Updated about 2 months ago on . Most recent reply
Why Novation Are Better Than Wholesaling
Here’s why I’ve started using novations over wholesaling.
1. Sellers Get More Money
With wholesaling, sellers often need to take a low cash offer. With novations, I can offer closer to market value by selling to retail buyers, making it easier to get deals accepted.
2. Bigger Assignment Fees
Instead of selling to investors looking for steep discounts, I market to end buyers willing to pay market price. This means I make more per deal than a typical wholesale assignment.
3. No Double Closings or Hard Money
Since the seller stays on title, I don’t have to use hard money or worry about double closing fees. I just facilitate the sale and collect my fee at closing.
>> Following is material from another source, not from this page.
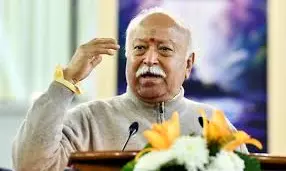 Anita Anand  | Three Children For Hindu Families? Women Must Say ‘No’ to RSS’ Call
4. More Buyers, Less Competition
Wholesaling relies on a limited pool of cash buyers. Novations open up the MLS and conventional financing, bringing in a larger pool of buyers and reducing competition from other wholesalers.
5. Easier to Scale
With less reliance on deep-discount deals and cash buyers, I can scale novations faster than traditional wholesaling.
Final Thoughts
I’m not saying wholesaling is dead, but novations have helped me close deals I would’ve lost before. Anyone else using novations? What’s been your experience?
Most Popular Reply
We do both net listings (in FL) and novation agreements. They are both very similar but they are not the same.
The true use of a novation agreement is to improve a property for the Seller without taking ownership. A great example of this is when we work with land owners and offer to develop the property further to resell paper lots or sometimes we go vertical with either a new home or a small multifamily building. In the easiest sense of doing a novation, you would just be doing a moderate rehab to get the property to ARV to sell.
We like offering an additional split to the Seller when we get higher returns than expected. Let's say a property is worth $250k and the seller is happy with $150k. It needs $30k in rehab and we pay all closing cost. We end up selling for $260k or $10k more than what we thought the property was worth. Any of those additional funds above our target mark would be split 50/50 with the Seller or sometimes we offer a more favorable share to the Seller to get the deal done.